To strengthen the clinical relevance, we have added a comparative summary table (Table 1) of previously reported appendiceal NET cases, focusing on the 1-2 cm “gray zone.” This expanded comparison further underscores that mesoappendiceal invasion, lymphovascular/perineural invasion, and positive or close surgical margins often drive the decision for RHC, whereas their absence—as in our patient—supports appendectomy alone.
Conclusion
We report a case of well-differentiated appendiceal NET presenting as acute phlegmonous appendicitis. Although rare, NETs should be considered in the differential diagnosis of appendiceal pathology.

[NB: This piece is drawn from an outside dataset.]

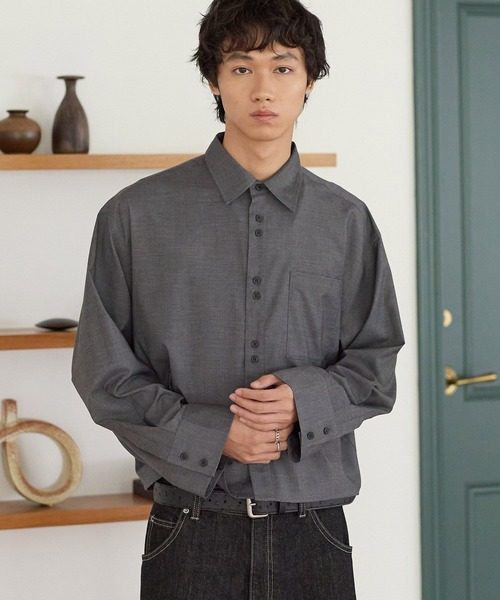 PBLIM(ページボーイリム)の「《UNISEX》2WAYボタンボクシーシャツ(シャツ/ブラウス・レディース・グレー/ブルー・FREE)」の14枚目の写真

Histopathological examination remains essential for definitive diagnosis and guiding further management. Current ENETS and NANETS guidelines support selective RHC in tumors between 1-2 cm only when additional high-risk features are present. When viewed in the context of previously published reports (Table 1), our case supports the selective approach; RHC should be reserved for 1-2 cm tumors with additional high-risk features, and appendectomy alone may be sufficient in their absence. This reinforces the importance of precise histopathological assessment and individualized, multidisciplinary decision-making in the “gray zone.”